Sato wants California to emulate Tucson, Arizona, which passed legislation requiring that all new construction built after June 1, 2010 be gray-water system-ready—the same way new houses in California are required to have the hookups installed for an electric vehicle charging station.

In July, Sato met with Assemblymember Richard Bloom (D-Santa Monica) about his idea.

“We’re interested in how we can expand the use of gray water,” said Sean MacNeil, Bloom’s spokesperson. “We don’t know what all the options are right now, but considering the drought, now seems like a good time.”

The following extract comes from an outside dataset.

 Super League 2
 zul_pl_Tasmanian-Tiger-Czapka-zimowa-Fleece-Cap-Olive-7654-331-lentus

Though his product will be on the shelf in limited release at five Southern California–based Ferguson plumbing stores by early October, Sato is looking forward to late next month, when he’ll demonstrate the diverter for officials with the city of San Francisco.


----------



## Keystone (Oct 1, 2015)

Interesting product and UPC approved and carried by Ferguson. This man did his homework.


----------



## mtlogcabin (Oct 1, 2015)

Common practice in the 1950's in the south to run the graywater to the flower beds. Then the rules changed and it was not allowed. I guess somethings come full circle unless the this product violates some old rule somewhere.


----------



## Paul Sweet (Oct 2, 2015)

What happens if the sewer backs up when the valve is in the open to sewer position? It looks like raw sewage can flow up through the valve then down into the irrigation system.


----------



## FLSTF01 (Oct 6, 2015)

I like the simplicity of the design, in concept at least.  I also have concerns regarding cross-contamination.


----------



## mark handler (Oct 9, 2015)

NEXUS EWATER GREY WATER RECYCLING SOLUTION

http://www.turfmagazine.com/water-features/nexus-ewater-grey-water-recycling-solution/






Nexus eWater is introducing a system to recycle homes’ grey water so it can be reused on landscapes and in toilets, reducing homeowners’ potable water usage by more than 35 percent. The company’s home water recycling solutions are attracting the interest of California builders. Bob Hitchner, the company’s chief marketing officer, shares how the system works.

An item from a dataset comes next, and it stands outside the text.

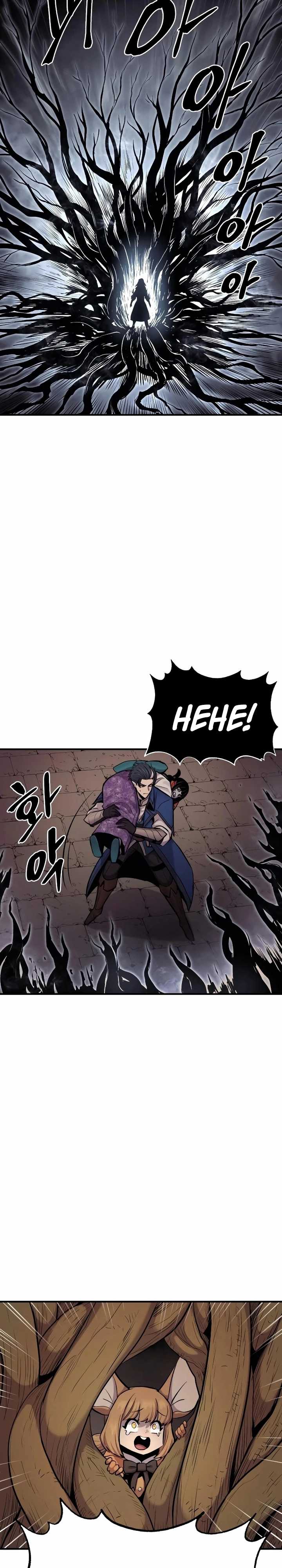 image-komik-howling-dragon-chapter-40-30/42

What is the history of the company and why is it now located in San Diego, California?

We started in the grey water business in Australia, which endured a decade-long drought into the early part of this century. Australia was forced to innovate earlier than the U.S. in using and reusing water in safe and effective ways.

Through this experience, we learned how important it is to develop solutions that will work automatically in the background without active homeowner engagement.

When we set up a new company to explore new product innovations, we immediately decided to set our sights on the U.S. market. The U.S. market is larger and has not yet really addressed the deeper questions of how to reorganize its infrastructure and even its lifestyles to use water more effectively.

When we knew that we would be the first company to certify an onsite solution to the NSF-350 standard for grey water, which is required in the California Plumbing Code, we knew we needed to move the core of our operations to California.

What exactly is NSF-350?

The NSF-350 standard is the gold standard for certifying equipment for on-site grey water treatment. This certification ensures the equipment is designed to consistently treat grey water to a high level of quality that is safe to use in non-potable applications.

What interest has Nexus received from homebuilders in offering your technology in new homes?

Homebuilders have three good reasons to incorporate our solution in their homes:

To prepare for a possible future when water for landscapes is restricted even more than today.

To build their brand and learn how to build homes that are livable even in extreme or long-term drought.

To address homebuyer concerns about preserving home resale values during more extreme drought.

What do you see as the role of Nexus in conserving water, particularly on landscapes?

California water policy is changing very quickly right now. Our solution is merely one tool for translating good policy into everyday practice.

In several years, I hope every new home in California will be dual-plumbed so it can easily upgrade to onsite water recycling at any point in its lifetime.

How much does a typical installation cost, and what do you estimate the ROI to be?

Each installation can be quite different. Some homebuyers, especially in the high-end custom home segment, also want expansive service to come as part of what they buy. So costs range from $10,000 to $15,000, including all labor.

Since buyers today want to protect their landscape investments, payback is virtually immediate.


----------